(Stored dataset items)
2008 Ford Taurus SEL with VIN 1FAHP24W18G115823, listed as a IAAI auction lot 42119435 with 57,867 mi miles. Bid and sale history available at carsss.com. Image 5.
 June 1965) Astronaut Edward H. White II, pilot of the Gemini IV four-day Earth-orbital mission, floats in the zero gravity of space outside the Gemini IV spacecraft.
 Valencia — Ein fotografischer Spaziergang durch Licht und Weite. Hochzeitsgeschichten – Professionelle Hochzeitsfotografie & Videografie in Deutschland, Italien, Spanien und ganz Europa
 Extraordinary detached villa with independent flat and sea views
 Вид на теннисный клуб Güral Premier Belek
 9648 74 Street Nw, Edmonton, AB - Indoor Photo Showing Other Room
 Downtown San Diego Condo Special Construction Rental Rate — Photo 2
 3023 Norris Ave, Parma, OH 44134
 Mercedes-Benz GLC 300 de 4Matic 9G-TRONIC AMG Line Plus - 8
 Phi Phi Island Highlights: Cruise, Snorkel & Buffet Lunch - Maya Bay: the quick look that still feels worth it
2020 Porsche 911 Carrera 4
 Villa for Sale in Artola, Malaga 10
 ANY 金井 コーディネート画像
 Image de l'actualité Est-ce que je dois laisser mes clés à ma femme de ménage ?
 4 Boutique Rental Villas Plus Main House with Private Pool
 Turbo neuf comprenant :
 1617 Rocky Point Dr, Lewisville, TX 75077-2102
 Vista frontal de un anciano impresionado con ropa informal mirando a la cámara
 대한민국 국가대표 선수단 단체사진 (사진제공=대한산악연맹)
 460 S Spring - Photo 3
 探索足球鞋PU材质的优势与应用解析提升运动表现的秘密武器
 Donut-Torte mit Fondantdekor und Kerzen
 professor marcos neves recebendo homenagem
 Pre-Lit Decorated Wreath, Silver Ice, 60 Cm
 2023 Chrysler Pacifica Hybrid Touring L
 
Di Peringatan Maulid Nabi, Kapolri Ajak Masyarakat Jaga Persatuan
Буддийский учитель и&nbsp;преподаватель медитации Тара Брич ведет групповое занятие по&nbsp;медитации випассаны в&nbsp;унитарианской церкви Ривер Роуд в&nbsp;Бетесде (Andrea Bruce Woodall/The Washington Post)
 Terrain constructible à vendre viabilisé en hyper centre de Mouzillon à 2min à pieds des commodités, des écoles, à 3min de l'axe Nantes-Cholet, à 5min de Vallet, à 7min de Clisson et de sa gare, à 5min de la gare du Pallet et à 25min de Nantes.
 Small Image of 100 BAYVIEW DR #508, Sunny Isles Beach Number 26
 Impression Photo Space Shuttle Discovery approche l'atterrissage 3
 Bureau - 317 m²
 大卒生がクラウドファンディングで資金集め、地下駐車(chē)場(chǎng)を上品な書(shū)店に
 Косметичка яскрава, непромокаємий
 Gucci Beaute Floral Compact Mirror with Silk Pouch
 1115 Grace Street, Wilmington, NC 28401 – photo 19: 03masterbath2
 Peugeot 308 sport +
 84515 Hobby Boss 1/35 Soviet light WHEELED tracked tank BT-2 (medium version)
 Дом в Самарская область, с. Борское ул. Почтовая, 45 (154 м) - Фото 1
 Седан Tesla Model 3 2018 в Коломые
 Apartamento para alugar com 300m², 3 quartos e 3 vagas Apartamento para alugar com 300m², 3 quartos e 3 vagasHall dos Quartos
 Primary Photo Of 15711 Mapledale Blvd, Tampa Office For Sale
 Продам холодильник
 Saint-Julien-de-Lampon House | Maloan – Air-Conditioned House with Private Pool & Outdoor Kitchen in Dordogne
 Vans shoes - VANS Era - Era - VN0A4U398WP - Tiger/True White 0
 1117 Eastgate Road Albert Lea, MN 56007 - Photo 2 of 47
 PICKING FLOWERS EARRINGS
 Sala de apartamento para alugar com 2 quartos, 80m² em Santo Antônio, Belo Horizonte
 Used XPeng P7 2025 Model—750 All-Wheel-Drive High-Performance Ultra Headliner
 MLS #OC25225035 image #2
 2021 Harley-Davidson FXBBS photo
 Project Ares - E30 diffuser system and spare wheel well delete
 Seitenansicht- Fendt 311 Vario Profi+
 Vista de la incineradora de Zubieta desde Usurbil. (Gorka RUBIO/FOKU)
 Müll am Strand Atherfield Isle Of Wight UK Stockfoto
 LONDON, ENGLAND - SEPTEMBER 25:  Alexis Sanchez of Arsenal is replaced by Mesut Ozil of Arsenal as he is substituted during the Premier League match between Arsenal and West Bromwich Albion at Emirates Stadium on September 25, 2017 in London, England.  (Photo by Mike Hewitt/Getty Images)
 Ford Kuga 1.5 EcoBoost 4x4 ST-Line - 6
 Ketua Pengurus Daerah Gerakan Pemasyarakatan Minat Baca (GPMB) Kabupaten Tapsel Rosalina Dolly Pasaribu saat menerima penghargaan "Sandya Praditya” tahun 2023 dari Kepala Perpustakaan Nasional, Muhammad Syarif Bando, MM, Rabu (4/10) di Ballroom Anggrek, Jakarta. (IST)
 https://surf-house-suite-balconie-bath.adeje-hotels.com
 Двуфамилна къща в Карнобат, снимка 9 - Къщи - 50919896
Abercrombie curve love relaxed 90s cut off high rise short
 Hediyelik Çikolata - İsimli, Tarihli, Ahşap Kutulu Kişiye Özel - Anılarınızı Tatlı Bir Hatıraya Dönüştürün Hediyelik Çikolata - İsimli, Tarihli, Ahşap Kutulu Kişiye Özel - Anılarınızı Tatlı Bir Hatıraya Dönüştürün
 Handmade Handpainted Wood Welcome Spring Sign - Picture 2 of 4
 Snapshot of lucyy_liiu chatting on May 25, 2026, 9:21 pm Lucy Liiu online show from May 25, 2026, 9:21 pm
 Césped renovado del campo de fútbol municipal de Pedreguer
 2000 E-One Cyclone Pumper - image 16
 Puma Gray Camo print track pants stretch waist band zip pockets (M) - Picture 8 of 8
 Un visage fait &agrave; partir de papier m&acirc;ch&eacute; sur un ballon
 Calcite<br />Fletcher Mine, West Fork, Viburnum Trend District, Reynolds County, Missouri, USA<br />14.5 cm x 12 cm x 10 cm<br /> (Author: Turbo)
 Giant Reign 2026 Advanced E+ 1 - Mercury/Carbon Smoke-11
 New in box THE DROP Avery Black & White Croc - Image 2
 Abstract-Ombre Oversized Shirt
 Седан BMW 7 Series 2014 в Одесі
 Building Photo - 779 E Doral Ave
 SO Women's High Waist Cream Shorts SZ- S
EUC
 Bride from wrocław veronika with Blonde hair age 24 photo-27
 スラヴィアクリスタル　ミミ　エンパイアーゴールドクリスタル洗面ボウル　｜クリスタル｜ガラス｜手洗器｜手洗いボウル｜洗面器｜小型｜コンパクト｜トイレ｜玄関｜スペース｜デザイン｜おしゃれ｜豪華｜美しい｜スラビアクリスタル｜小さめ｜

### Instructions for the task
From the entries above, write out only the lines starting at the line that holds "Extraordinary detached villa" and ending at the line that holds "ANY 金井 コーディネート画像", keeping both and matching them exactly.

### Exercise output
 Extraordinary detached villa with independent flat and sea views
 Вид на теннисный клуб Güral Premier Belek
 9648 74 Street Nw, Edmonton, AB - Indoor Photo Showing Other Room
 Downtown San Diego Condo Special Construction Rental Rate — Photo 2
 3023 Norris Ave, Parma, OH 44134
 Mercedes-Benz GLC 300 de 4Matic 9G-TRONIC AMG Line Plus - 8
 Phi Phi Island Highlights: Cruise, Snorkel & Buffet Lunch - Maya Bay: the quick look that still feels worth it
2020 Porsche 911 Carrera 4
 Villa for Sale in Artola, Malaga 10
 ANY 金井 コーディネート画像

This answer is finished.